In modern dating apps, it’s normal to feel like you’re just another face in a sea of photos. Even if you get a match, it can be difficult to reach a date, let alone a meaningful relationship. Wouldn’t it be easier if you could just cut out the competition?
That’s the thinking behind Shinder, a web-based dating app where you get one chance to swipe on one man: Shed Simove. Although men can sign up for it, the app is exclusive to women. Guys who try to match with Simove are greeted with a brief message about Simove’s heterosexuality.

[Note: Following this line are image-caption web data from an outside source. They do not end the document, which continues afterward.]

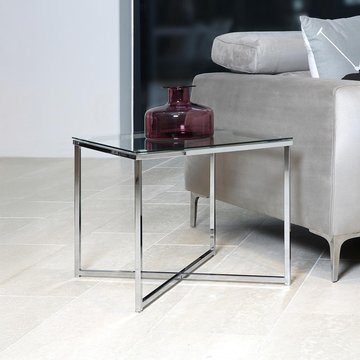 Cross side table - square - clear glass and chrome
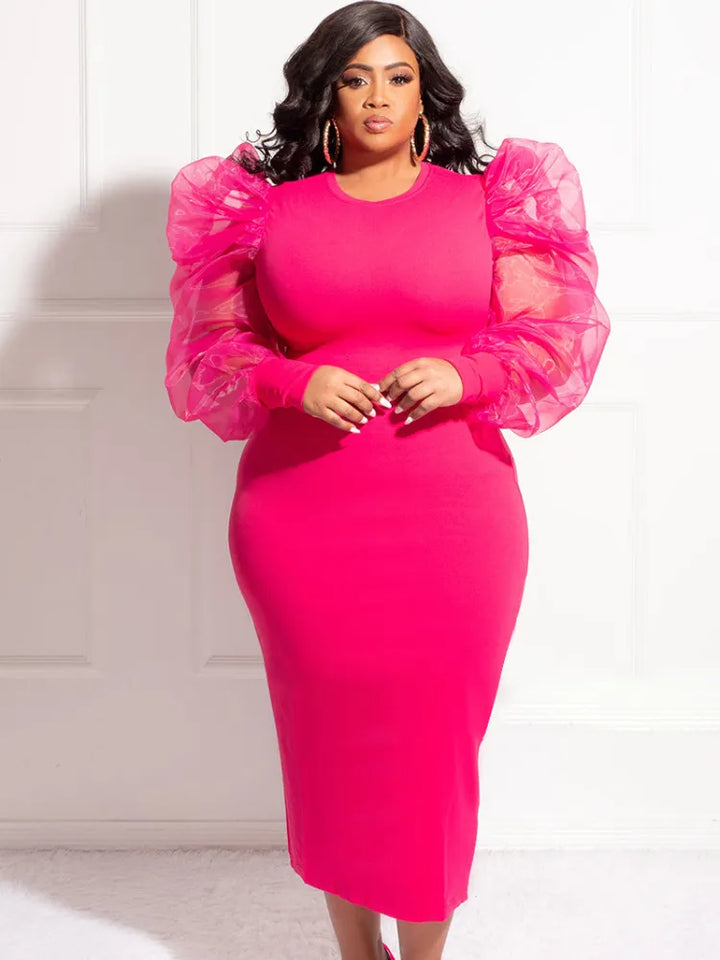 Plus Size Midi Party Dress with Tulle Patchwork and Lantern Sleeves for Women - Perfect for Birthdays and Events!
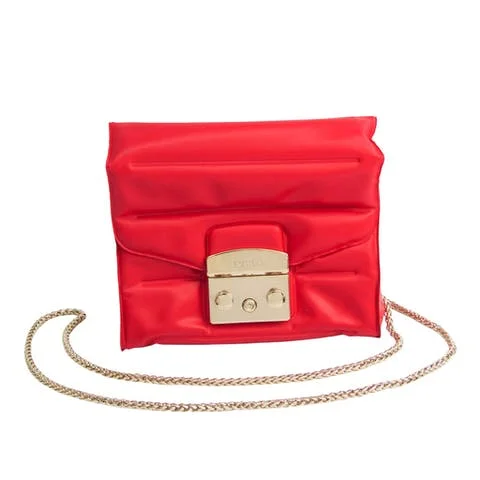 Red Canvas Furla Shoulder Bag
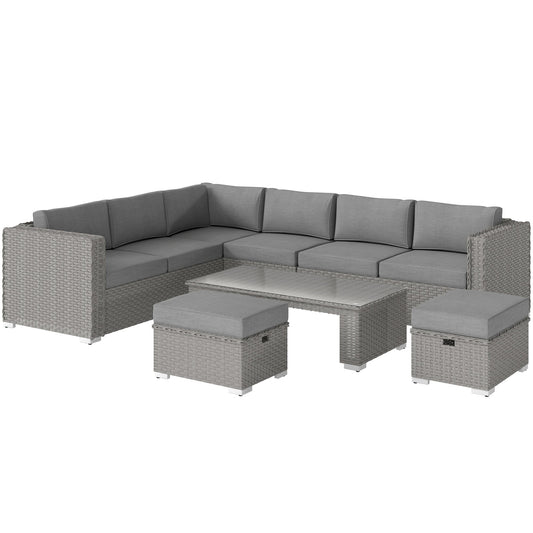 Outsunny 6 Pieces Outdoor PE Rattan Wicker Corner Sofa Set with 10cm Thick Padded Cushions, Aluminium Conservatory Furniture with Glass Top Coffee Table, Footstools, Grey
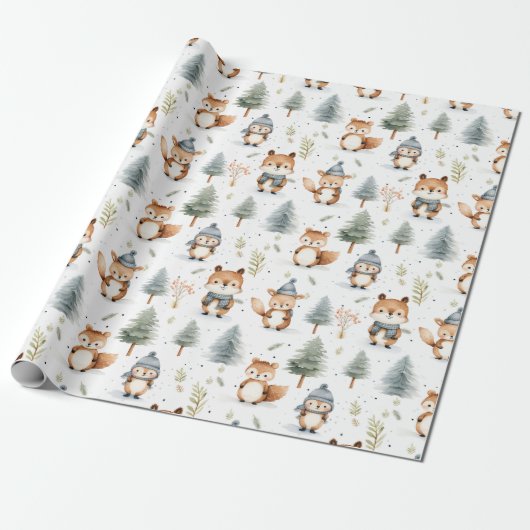 Eichhörnchen von niedlichen Waldtieren im Winter Geschenkpapier (Ungerollt)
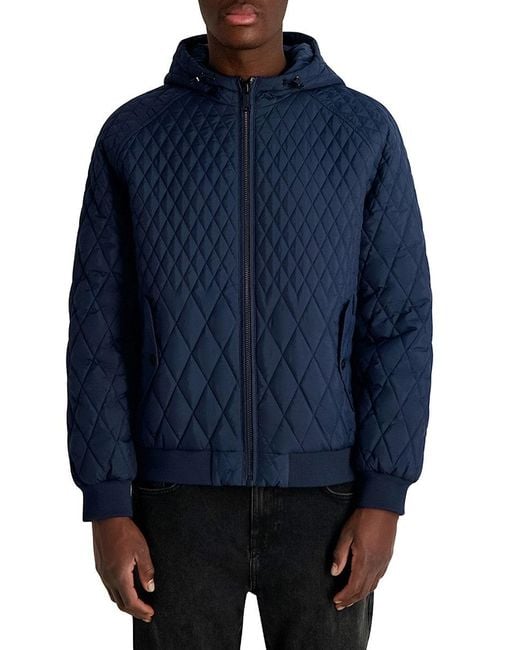 Karl Lagerfeld Blue Regular-Fit Diamond Quilted Bomber Jacket for men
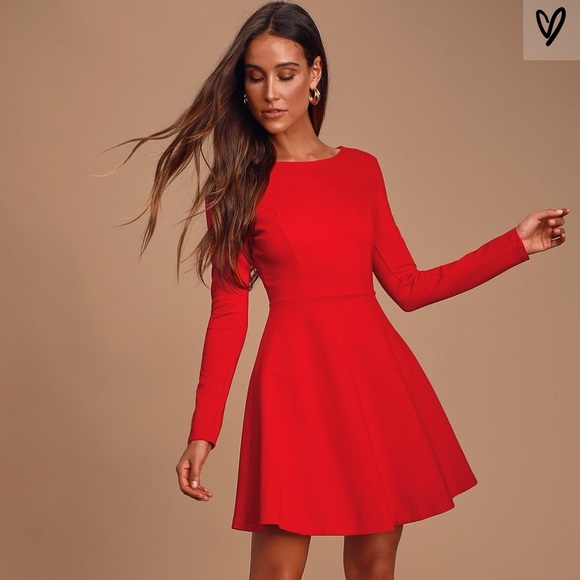 Red Skater Dress With Sleeves Sale, 55 ...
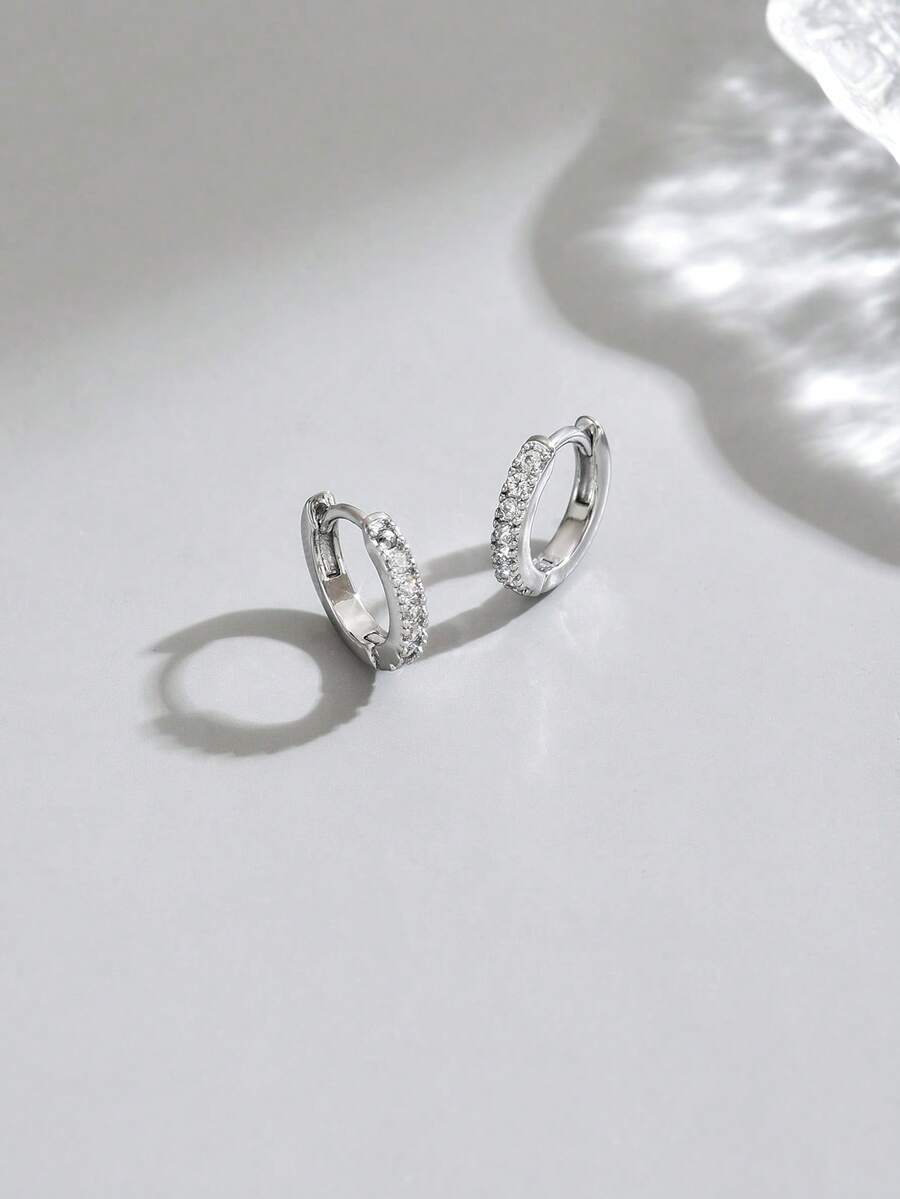 Silver Pave CZ Huggie Earrings, Stainless Steel Click-On Cartilage Earrings, Low Allergy Minimalist Earrings, Suitable For Daily Wear - Silver - View 1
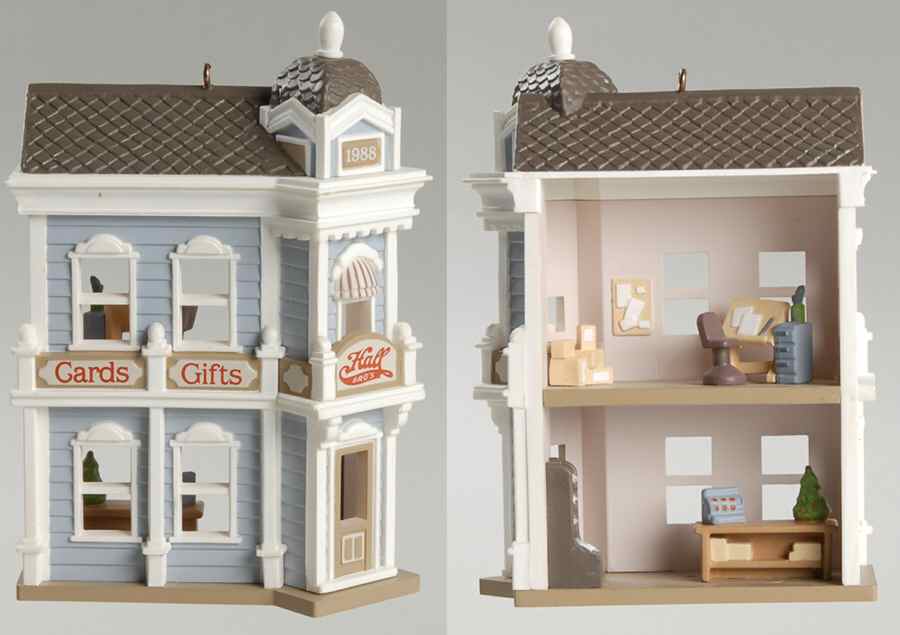 Nostalgic Houses & Shops 1988-Hall Bro's Card Shop - Boxed by Hallmark Gold Crown-1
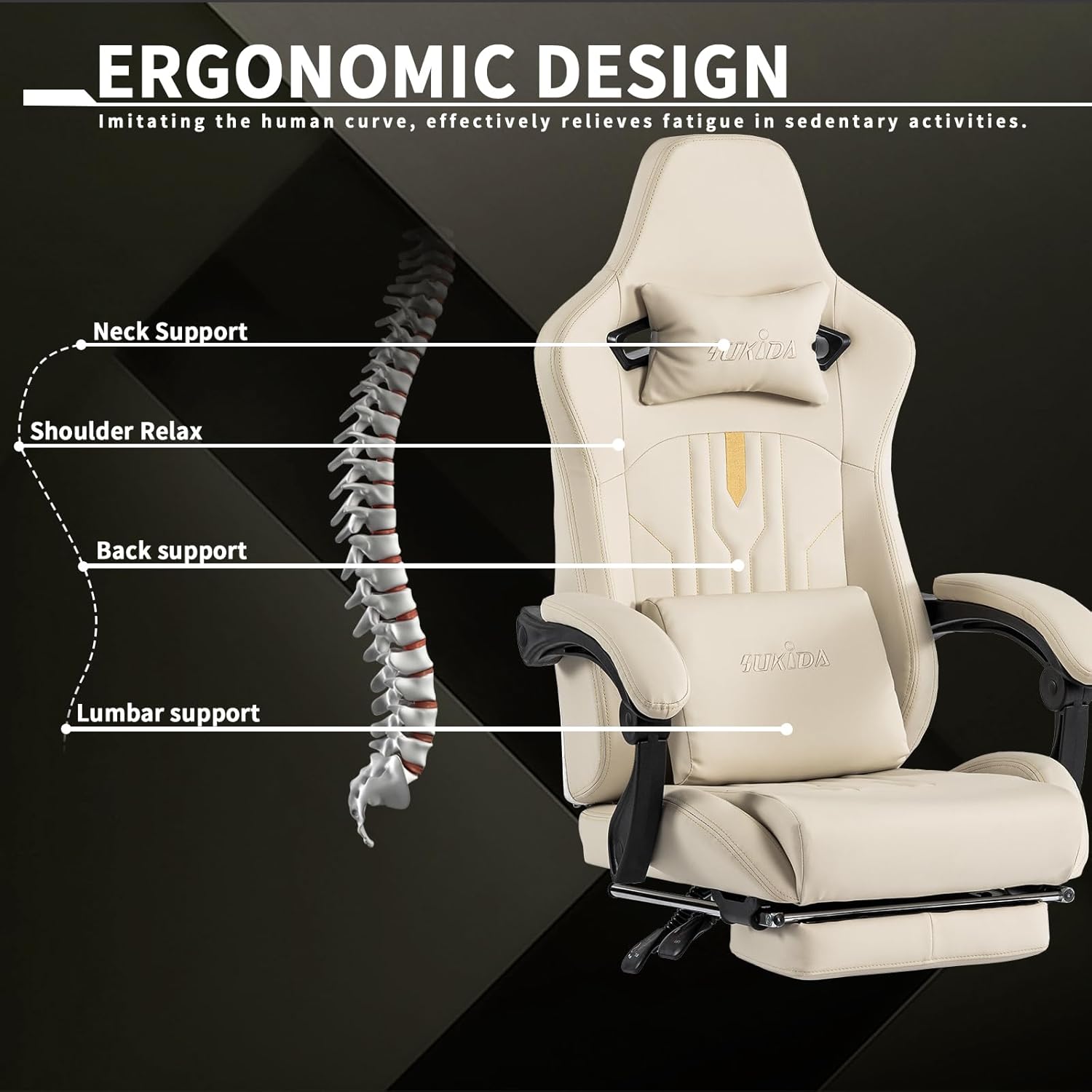 Silla de juegos con reposapiés, silla ergonómica para computadora, cojín lumbar de masaje, silla de videojuegos de carreras, silla reclinable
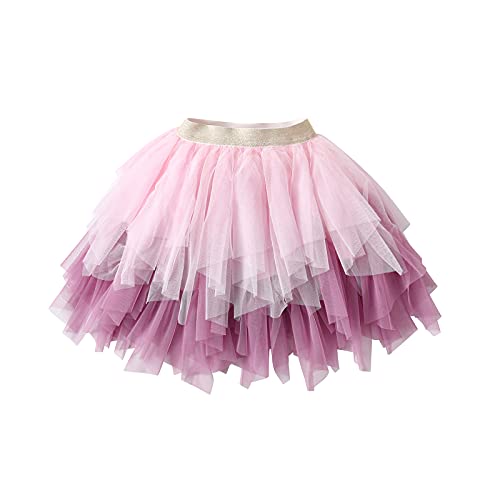 Dxton Kids Baby Girls Tutu Toddler Rainbow Flower Tulle Skirt Sk215 5T #TOP9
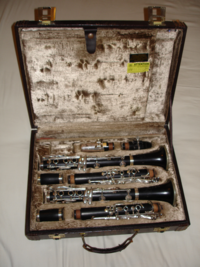 A pair of Buffet R13 Boehm-System Soprano Clarinets in A and Bb.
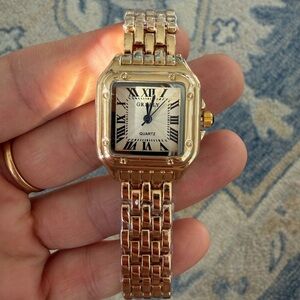 Panthere Classic Rectangle Stainless Steel Gold Watch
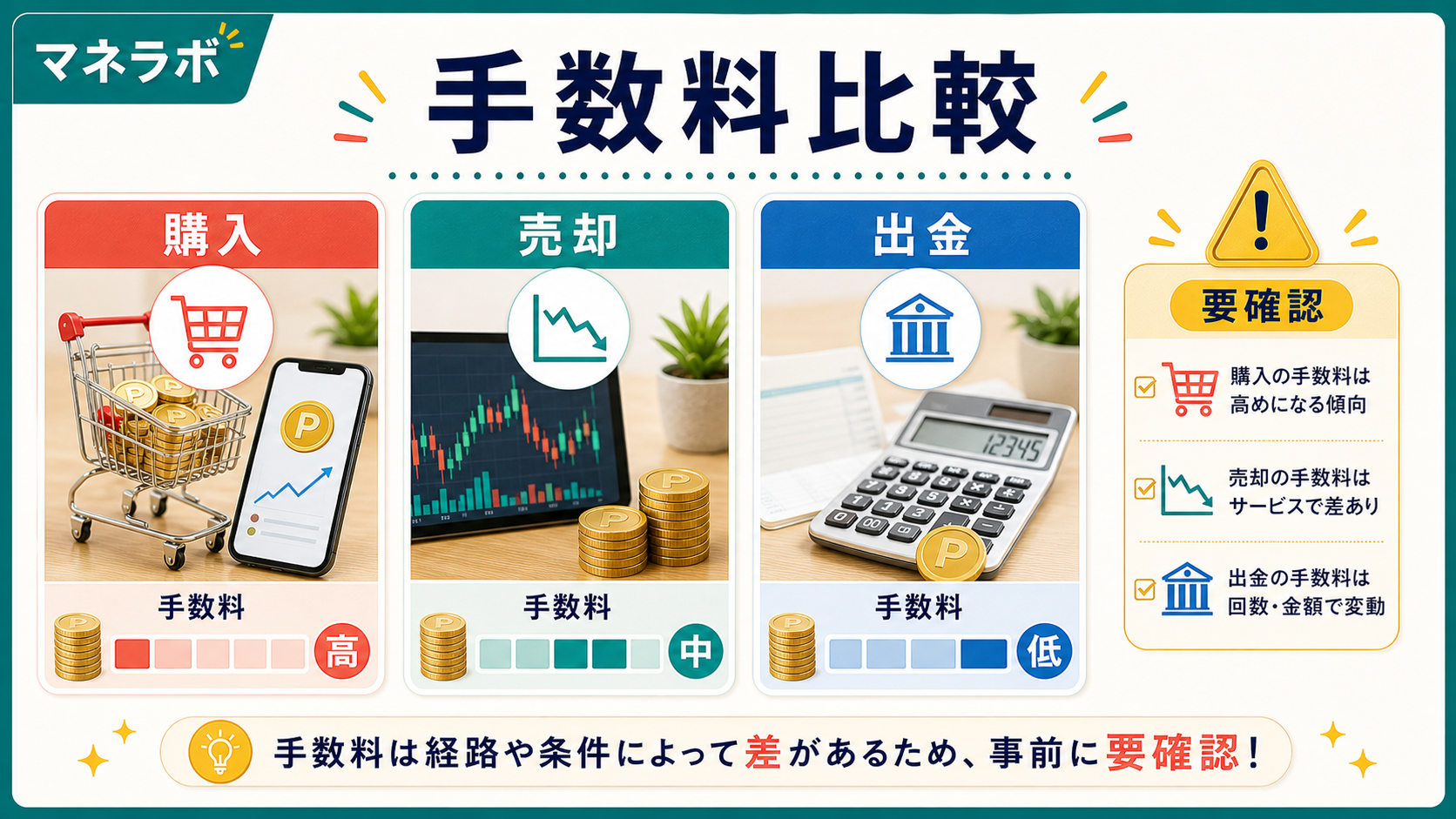 ポイント別の手数料・還元効率比較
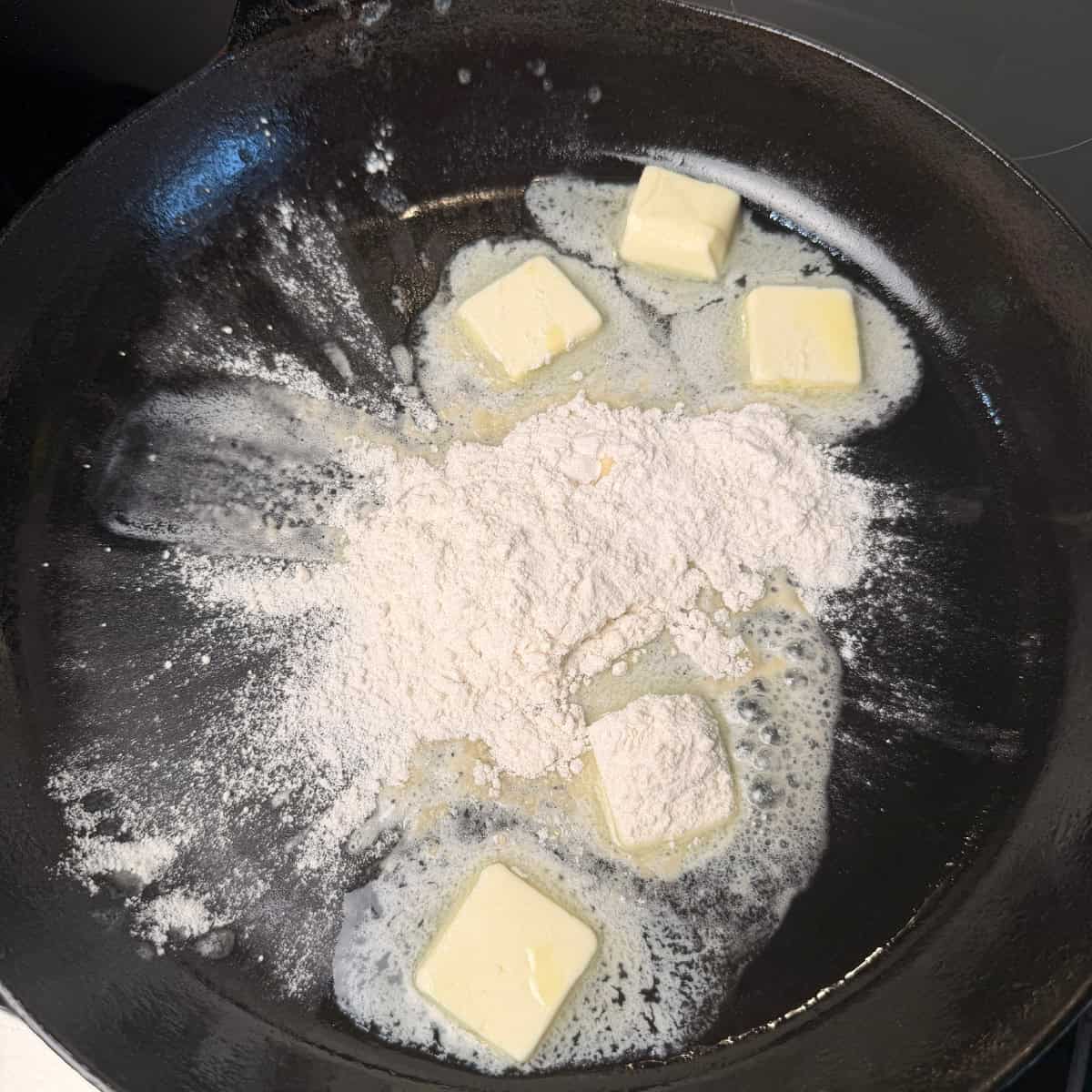 Skillet with butter and flour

Simove came up with the idea after striking out on other dating apps. He tried to be quirky on dating sites to better attract matches, but had little luck. He Photoshopped a Tinder photo of himself bursting out of a Kinder Surprise egg (“Tinder Surprise”); he tried making a “Bumble pick of the month” logo (“No one cared”). He decided he needed a different strategy to get noticed.
“I thought, if you can't beat them, maybe create your own competition where you're the only person in the competition, therefore, you will then by de facto win,” he says. “You will win! In the kingdom of the blind, the one-eyed man is king. I thought I would try to create my own pond, so that then I would naturally be the biggest fish.”
Shinder works like your typical dating app. You set up your profile and get to swiping. If users swipe left, the site tells you “You dodged a bullet there, Shed is extremely high maintenance.” If you swipe right, the site promises to notify you if it’s a match. If Simove likes you back, the site opens up a dialogue between the two parties.
Simove has cobbled together a reputation for publicity stunts, including changing his name to “God,” designing the “Control-A-Woman” remote, and publishing a “Fifty Shades of Gray” book comprised of 50 pages that were just different shades of gray. His website proudly includes a “Scandals” section with different links or newspaper clippings about his pranks. Simove says he doesn’t consider these publicity stunts, but rather a way to be creative.
“I understand why people say that, but it's weird, because some of my stuff no one cares about,” he says. “When I start, my prime directive isn't the virality. My prime directive is, is this an idea that excites me and delights me and possibly amuses me? If it is, then I won't stop until I do it. That's the way I live my life, and that's the way I motivate myself by choosing projects that fuel me.”
When asked about the authenticity of Shinder, Simove pushes back against it being another antic. "I spent nine months and a huge amount of stress,” he says, “a huge amount of time, three different coders that I failed with ... it's been highly stressful and any software build is difficult, but crikey, for a quick user experience, the backend is massive.”
Simove’s goal is to meet women — and successfully get a date for Valentine’s Day — but he does enjoy the attention. The glow of publicity stunts fades so quickly, but that can’t be the only reason to do them. He considers himself similar to an artist who creates to fuel themselves, but that his motivations are to entertain people. “It would be disingenuous of me to say I wouldn't want it to go viral,” he says of Shinder.
“I don't want to be too pompous here, but [I’m] like an artist who creates from their soul — my soul is just childish.”
So far, Shinder has been a success for Simove. He says he’s received more than 100 mutually swiped matches, but it’s come with the unexpected downside of too many choices. “I try to be polite and I try to be decent in life, so I want to reply to everyone and say hello and thank you and see if we can set up a date,” he says.
“I'm tired. I'm on it all the time. I'm on it constantly.”